= Section 109 of the Constitution of Australia =

Interaction between federal and state law

Section 109 of the Constitution of Australia is the part of the Constitution of Australia that deals with the legislative inconsistency between federal and state laws, and declares that valid federal laws override ("shall prevail") inconsistent state laws, to the extent of the inconsistency. Section 109 is analogous to the Supremacy Clause in the United States Constitution and the paramountcy doctrine in Canadian constitutional jurisprudence, and the jurisprudence in one jurisdiction is considered persuasive in the others.

==Text==
Section 109 of the Constitution of Australia provides that:

When a law of a State is inconsistent with a law of the Commonwealth, the latter shall prevail, and the former shall, to the extent of the inconsistency, be invalid.

Section 109, together with section 5 of the Commonwealth of Australia Constitution Act 1900 (which is not part of the Australian Constitution) have been considered to be the foundation for the existence of the judicial review power in Australia.

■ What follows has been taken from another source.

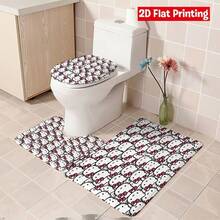 SANRIO Kitty Pink Bow Pattern Bathroom Set (Includes 2 Bath Mats + 1 Toilet Lid Cover + 1 Shower Curtain), For Bathroom Decoration And Privacy Protection - 4-piece Shower Curtain Set - View 6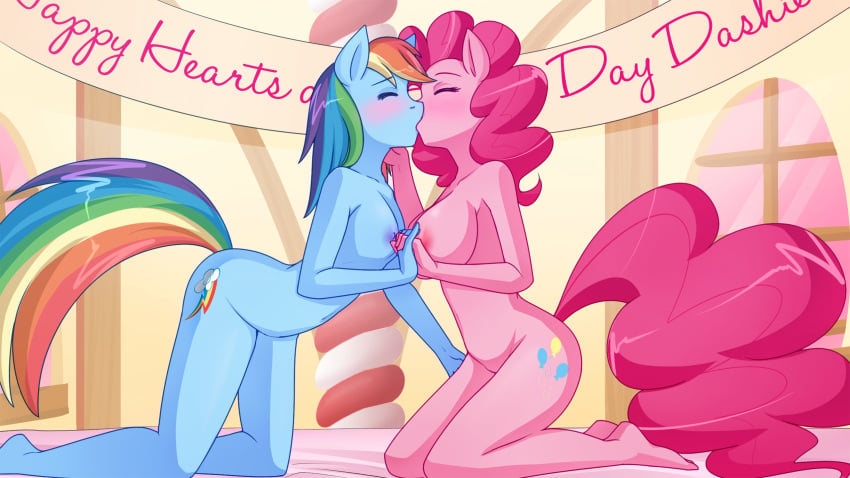 2016 anthro areola big_breasts blue_body blue_skin blush breasts cutie_mark earth_pony equid equine eyes_closed feet female female/female friendship_is_magic hair hasbro horse jonfawkes kneeling mammal my_little_pony nipples pink_body pink_hair pink_skin pink_tail pinkie_pie_(mlp) pony rainbow_dash_(mlp) rainbow_hair rainbow_tail tail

The section provides:

5. This Act, and all laws made by the Parliament of the Commonwealth under the Constitution, shall be binding on the courts, judges, and people of every State and of every part of the Commonwealth, notwithstanding anything in the laws of any State...

"Invalidity of a State law" does not mean that the State law is invalid in the positivist sense that the State Parliament lacks power to pass it. The State law, though enacted with full procedural validity, merely ceases to have operative force. Hence, in order for s.109 to come into operation at all, there must be a valid State law and a valid Commonwealth law. When s.109 takes effect, the State law yields to the Commonwealth law, but remains a valid law of the Parliament which enacted it. The practical significance of this will become apparent if, at some later date, the over-riding Commonwealth law ceases to operate. This effect applies also to laws passed by a state (i.e., while it was a colony) prior to the establishment of the Australian Constitution as well as those passed by a state after the Commonwealth had passed a relevant law.

==History of approach==
The High Court of Australia in D'Emden v Pedder (1904), in the first substantial constitutional case presented before the court, cited and drew on the jurisprudence of the United States case of McCulloch v. Maryland, recognising that the case was not binding. Following the reasoning in the American case, the court adopted the doctrine of implied intergovernmental immunities.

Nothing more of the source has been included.